Nuestra alma como espíritu inmortal que es, tiende a volar hacia lo que
es su mundo, hacia lo espiritual hacia Dios y sacudirse las argollas que le
sujetan a la carne de su cuerpo. Por el contrario nuestro cuerpo, como materia
mortal que es, se apega a este mundo, porque sabe, que para él, cuando el alma
abandone, este mundo todo habrá acabado. Ya no volverá jamás a disfrutar de las
dulzuras que ofrece una vida acomodada ¡y que caray aunque no se disponga de
una vida acomodada nadie quiere morirse y dejar este mundo.
Sin embargo hay casos, en los que, de una fuerte relación de amor con el
Señor, puede nacer el deseo de abandonar cuanto antes este mundo, pero siempre
subordinando este deseo al cumplimiento en uno de la voluntad de Dios. Hay
casos en que por razones unas veces espirituales, otras materiales haya
personas dispuestas a buscar la muerte, como por ejemplo, los kamikazes en el
Japón o con más actualidad los árabes fanáticos que se sacrifican en su odio a
Israel y al mundo occidental, sobre todo contra los católicos.
Lo que desde luego es difícil, es encontrar un alma en plena madurez
corporal que carezca de apegos mundanos. Sin embargo la madurez de la vida
espiritual, hace que el alma se vaya desapegando poco a poco de las cosas de
este mundo. El grado de desapego siempre va en función del amor a Dios, pues en
esencia apegarse a un bien corporal, es poner a este bien por delante de
nuestro amor a Dios.
Una vez que el alma humana se ha entregado a Cristo y ve su luz, camina
ya, a plena luz divina por este mundo y cuando se camina a plena luz divina, no
se detectan las oscuridades ni las tinieblas que son las cosas que se nos
ofrecen en este mundo. Un alma entregada a Cristo, no puede detectar las
tinieblas de este mundo, la luz divina se lo impide y ya no le llaman la
atención ni le interesan las cosas de este mundo, sus apegos a las cosas del
mundo van desapareciéndose la medida, se va entregando cada vez más a Cristo.

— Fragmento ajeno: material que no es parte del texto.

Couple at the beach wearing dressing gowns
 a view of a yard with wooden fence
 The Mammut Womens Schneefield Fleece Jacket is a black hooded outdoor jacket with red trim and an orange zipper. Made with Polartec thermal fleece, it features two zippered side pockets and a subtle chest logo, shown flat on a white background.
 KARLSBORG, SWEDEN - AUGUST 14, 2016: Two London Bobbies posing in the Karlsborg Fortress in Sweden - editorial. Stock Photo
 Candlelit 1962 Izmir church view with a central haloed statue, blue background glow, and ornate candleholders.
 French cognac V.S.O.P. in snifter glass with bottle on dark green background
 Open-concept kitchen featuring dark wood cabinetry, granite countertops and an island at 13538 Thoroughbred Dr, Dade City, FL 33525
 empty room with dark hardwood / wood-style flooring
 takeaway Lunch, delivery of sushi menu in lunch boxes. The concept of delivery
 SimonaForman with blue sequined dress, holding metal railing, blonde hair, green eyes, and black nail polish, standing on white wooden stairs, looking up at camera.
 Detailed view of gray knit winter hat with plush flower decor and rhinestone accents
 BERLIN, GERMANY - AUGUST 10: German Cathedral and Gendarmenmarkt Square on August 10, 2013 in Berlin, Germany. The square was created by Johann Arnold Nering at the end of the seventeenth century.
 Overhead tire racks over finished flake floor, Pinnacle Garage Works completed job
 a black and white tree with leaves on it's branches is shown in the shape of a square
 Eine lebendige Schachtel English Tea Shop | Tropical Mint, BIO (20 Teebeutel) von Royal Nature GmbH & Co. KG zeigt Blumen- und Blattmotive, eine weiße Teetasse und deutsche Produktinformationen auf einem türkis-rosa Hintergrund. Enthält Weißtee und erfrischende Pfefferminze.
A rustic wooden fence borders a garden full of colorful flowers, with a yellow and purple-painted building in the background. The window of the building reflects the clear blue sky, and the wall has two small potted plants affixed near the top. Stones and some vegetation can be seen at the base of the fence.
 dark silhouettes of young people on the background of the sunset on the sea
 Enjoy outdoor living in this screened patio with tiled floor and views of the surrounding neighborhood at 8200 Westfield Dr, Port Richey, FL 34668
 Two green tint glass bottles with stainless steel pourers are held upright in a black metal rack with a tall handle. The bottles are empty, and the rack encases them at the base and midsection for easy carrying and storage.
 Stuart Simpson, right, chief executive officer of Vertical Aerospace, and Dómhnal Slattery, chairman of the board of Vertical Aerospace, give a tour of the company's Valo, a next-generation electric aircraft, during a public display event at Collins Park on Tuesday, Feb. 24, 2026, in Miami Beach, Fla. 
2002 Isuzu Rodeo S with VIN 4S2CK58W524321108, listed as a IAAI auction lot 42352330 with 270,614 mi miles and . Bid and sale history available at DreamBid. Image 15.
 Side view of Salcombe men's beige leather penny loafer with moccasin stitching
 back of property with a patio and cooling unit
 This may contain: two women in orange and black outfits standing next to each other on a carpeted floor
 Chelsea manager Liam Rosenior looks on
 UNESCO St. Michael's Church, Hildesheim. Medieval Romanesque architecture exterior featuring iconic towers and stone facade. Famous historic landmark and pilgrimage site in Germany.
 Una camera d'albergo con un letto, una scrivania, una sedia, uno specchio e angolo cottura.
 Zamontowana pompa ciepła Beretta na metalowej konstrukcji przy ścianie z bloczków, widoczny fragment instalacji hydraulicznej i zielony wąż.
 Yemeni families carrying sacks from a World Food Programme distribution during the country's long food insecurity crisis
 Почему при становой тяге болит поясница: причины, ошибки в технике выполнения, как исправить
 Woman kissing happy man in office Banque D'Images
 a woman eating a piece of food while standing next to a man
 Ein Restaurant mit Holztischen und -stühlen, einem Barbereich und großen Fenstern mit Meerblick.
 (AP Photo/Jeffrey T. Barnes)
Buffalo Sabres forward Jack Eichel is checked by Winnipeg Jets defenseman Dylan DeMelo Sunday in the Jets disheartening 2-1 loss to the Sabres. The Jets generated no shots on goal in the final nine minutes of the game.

Cristo es la Luz, y las cosas de este mundo son las tinieblas.
Cuando nacemos y llegamos a este mundo, él es lo primero que vemos y
conocemos, antes no hemos visto nada, porque Dios, nos creó de la nada qu es de
donde nos sacó. Además nacemos lastrados con la fuerza de la concupiscencia. En
estas condiciones, crecemos y empezamos a pensar que lo único que conocemos,
aunque sea malo, es lo mejor, y que no hay nada más. Nuestros ojos corporales,
miran en todas direcciones y no ven nada más. Sí, es cierto que hay algunos, no
a todos, a los que les hablan de la existencia de otro mundo de felicidad, y
que si se ha sido bueno, se irá a él, pero para alcanzar ese mundo ha de
pasarse por un trago terrible, que atenta contra nuestro instinto de
supervivencia, y que se llama muerte.
Claro que, aunque no se crea en la existencia de otro mundo, se crea o
no se crea, del trago de la muerte nadie se libra. En estas condiciones, ¿cómo
es posible no tener un apego a este mundo? Se diría que nacemos con el apego al
mundo. Es lo único que palpamos, lo único que nos entra por los ojos corporales,
y con sus tristezas e inconvenientes, ¡que caray!, también tiene cosas buenas,
y además es lo único que creemos tener. Por algo dice el refrán: “más vale pájaro en mano que ciento volando”. De forma que el principio más extendido y
aceptado dice: “comamos y vivamos que son tres días”.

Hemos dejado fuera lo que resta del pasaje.